It’s no secret that workers and their managers don’t see eye-to-eye on all, most, some, OK, hardly any workplace issues.
So should it really come as a surprise that they hold different views regarding the most irritating workplace behaviors?
According to a report by Accountemps, managers get really ticked off when workers don’t pay attention during meetings. On the other hand, employees consider office gossip to be the top offense.
The table below shows the responses of chief financial officers vs. workers when asked, “which one of the following is the most common breach of workplace etiquette committed by your staff/coworkers?”
Some of the responses seem to indicate major differences in perception between managers and the employees they lead. For example, twice as many workers than CFOs thought failing to give credit to others and criticizing others in public were major etiquette breaches. Interestingly, 11 percent of CFOs apparently don’t think staff members commit any type of workplace etiquette blunder. OK.
Houston, We Have a Problem
Business.com spoke with Bill Driscoll, New England district president of Accountemps, about the survey results in general, and especially, to find out why managers and workers don’t even agree on the top etiquette offenses. “Managers might not witness their staff gossiping since this behavior isn’t typically done when executives are within earshot,” explains Driscoll. And he adds, “Workers will be more responsive to their manager’s voicemails or emails, but maybe not their colleagues’ messages.”
What’s the Big Deal?
You may be tempted to dismiss workplace etiquette as the opinions of an overly-sensitive workforce. After all, we’re busy people with more than enough to do without also having to dodge the touchy-feely landmine of etiquette breaches.
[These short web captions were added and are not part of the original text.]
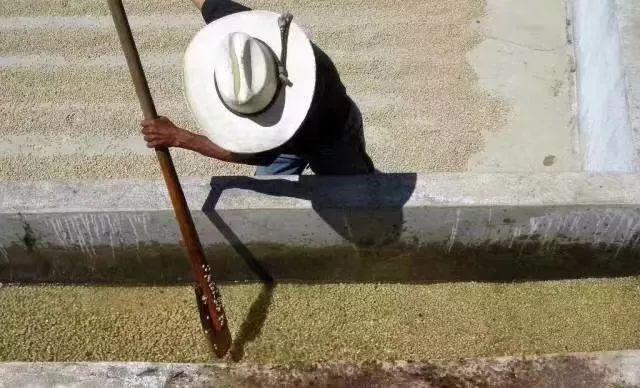 四大世界知名咖啡产区 第三大咖啡出口国之哥伦比亚(15)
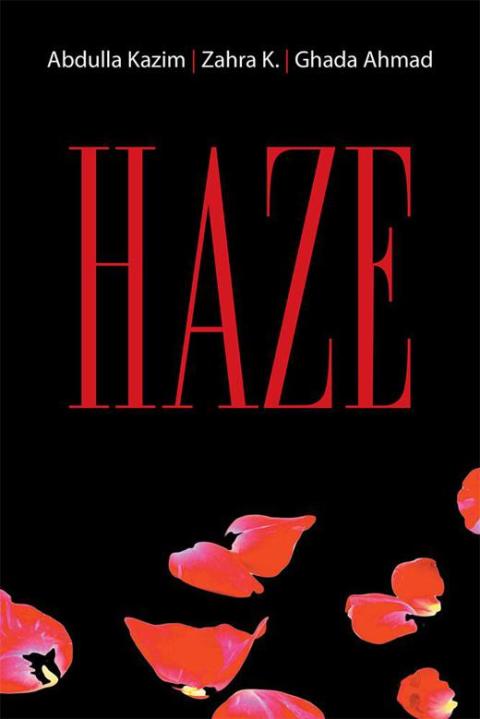 Cover image for book Haze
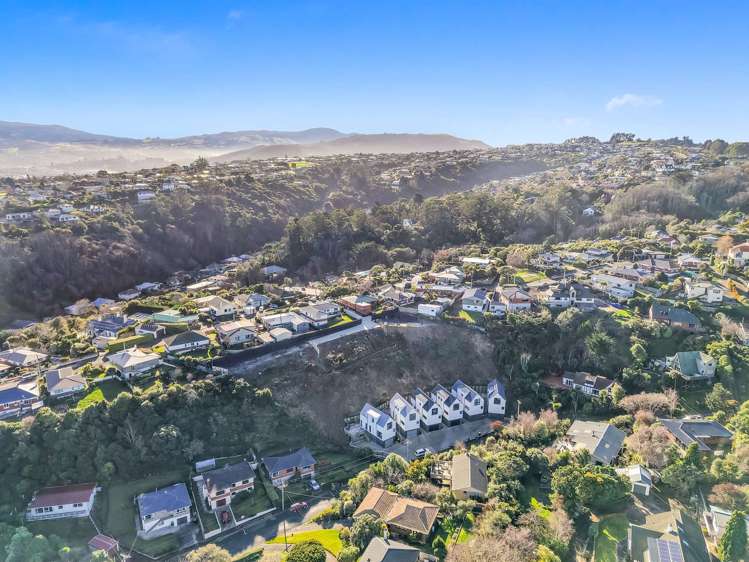 Heath Street Andersons Bay_9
However, Driscoll warns that proper workplace etiquette is essential to career success. “While it takes more than just good manners to rise through the ranks, another Accountemps survey found that 85 percent of respondents believe displaying professional courtesy has an impact on your career.”
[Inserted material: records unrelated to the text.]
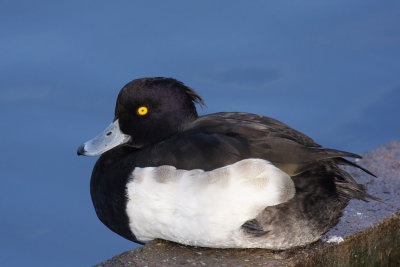 Tufted duck, male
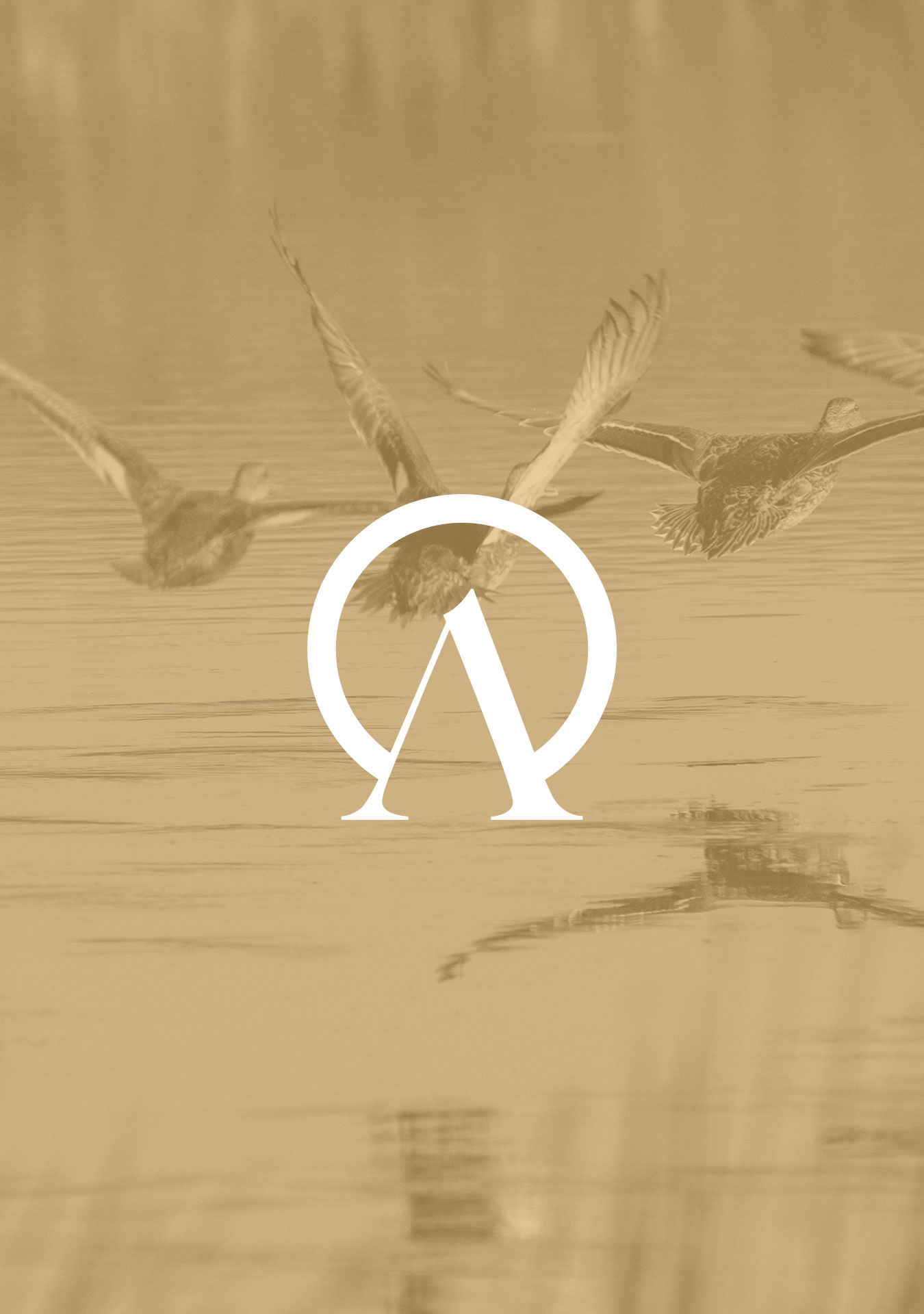 Agape – Primary logo, Mark and Hat image 1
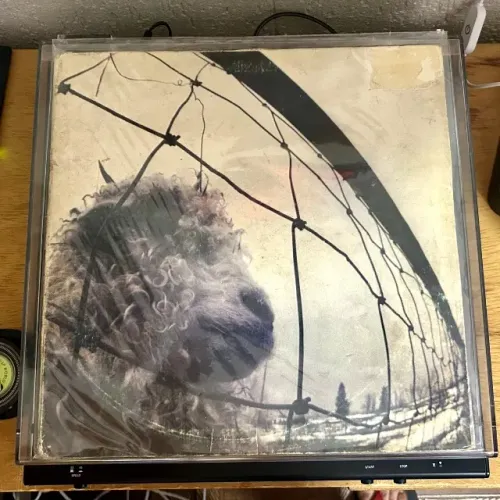 Vinil Pearl Jam - Vs. Lp Nacional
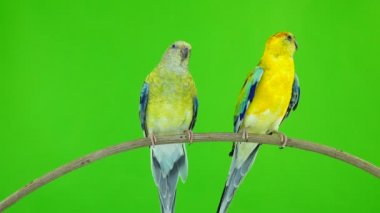 papağan (haematonotus psephotus) izole üzerinde yeşil ekran şarkı. Ses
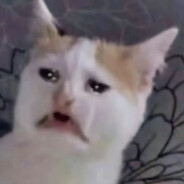 法官不解风情量刑不肯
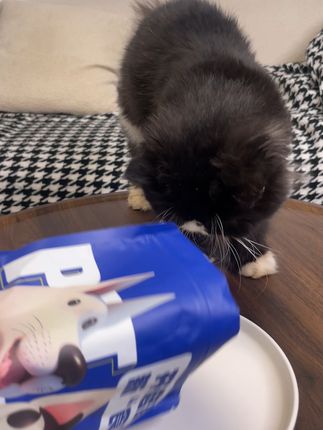 薄荷猫饼干,磨牙又健康,包邮到家! #萌宠出道计划 #萌宠好物 #猫咪 #猫草pro冻干 #冻干零食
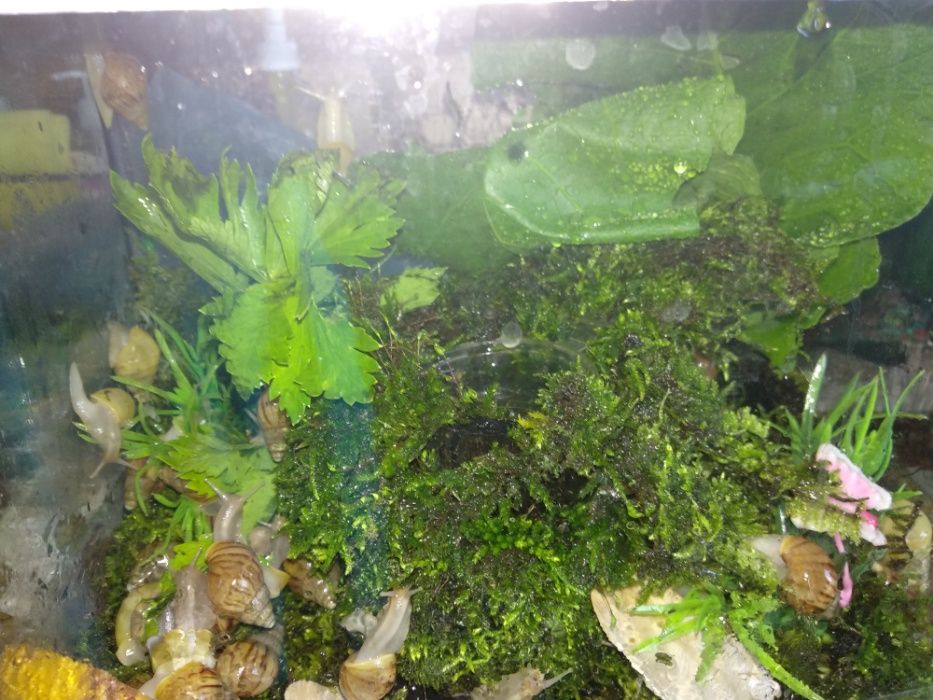 Мох   для   улиток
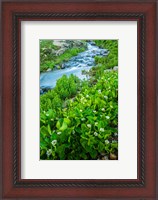 Framed Stream Cascade With Spring Marigolds, Colorado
Treading Lightly Through the Workplace Etiquette Landmine
Now that you know how important it is to be polite and considerate at work, how can you make sure you’re not stepping on anyone’s toes? Accountemps offers seven tips for being courteous at work:
- Most jobs today require teamwork and strong collaboration skills, and that means following the unwritten rules of office protocol.
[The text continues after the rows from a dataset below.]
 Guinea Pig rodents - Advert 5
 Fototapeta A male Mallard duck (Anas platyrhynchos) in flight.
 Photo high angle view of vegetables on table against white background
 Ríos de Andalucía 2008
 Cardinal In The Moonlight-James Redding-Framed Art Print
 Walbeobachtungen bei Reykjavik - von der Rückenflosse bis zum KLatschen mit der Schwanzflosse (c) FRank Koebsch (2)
- Workplace etiquette is about being aware of how your actions affect those around you.
- No matter how many deadlines you may be facing, give your full attention during group discussions.
- Don’t participate in office gossip. It can reflect badly on your character and damage others’ careers.
- Be responsive to colleagues. Set aside dedicated time each day to respond to messages so you can stay on top of things while still having uninterrupted time to work.
- Acknowledge those who help you along the way, and they’ll likely do the same for you.
- If you offend someone, make amends quickly. Also, consider how you might handle that particular situation better in the future. Repeating the same mistakes shows you haven’t learned from them.
Handling the Rude Offender
So now you know what not to do, but how do you handle a bad-mannered subordinate? You emailed a copy of this helpful article as a nice, subtle hint, but your suggestions and clues have fallen on deaf ears. Driscoll recommends discussing the matter in private remember that criticizing others in public was one of the offenses listed in the survey. Give the worker the benefit of the doubt: ask if they are aware that their behavior is offensive.
Also, allow the worker to explain their actions. Are they stressed or dealing with other issues that may be causing them to act rudely? However, if the behavior does not improve, Driscoll advises documenting each occurrence, and contacting HR for assistance.
Open Office Space Workplace Etiquette
If you work in an open office space, Accountants has another list of etiquette breaches that you should be aware of. These are the top five offenses in this type of environment:
- Using the speakerphone or talking loudly on the phone
- Loitering or talking around a colleague’s desk
- Eating foods that have strong odors
- Keeping a messy or cluttered workspace
- Leaving the phone ringer on loud (and yes, this was different from using the speakerphone or talking loudly on the phone)
Most employees spend more waking hours at work than at home. However, that doesn’t mean you can just make yourself at home while you’re at work. Agreeing to treat each other with respect and courtesy can make the workday more enjoyable or at least less painful.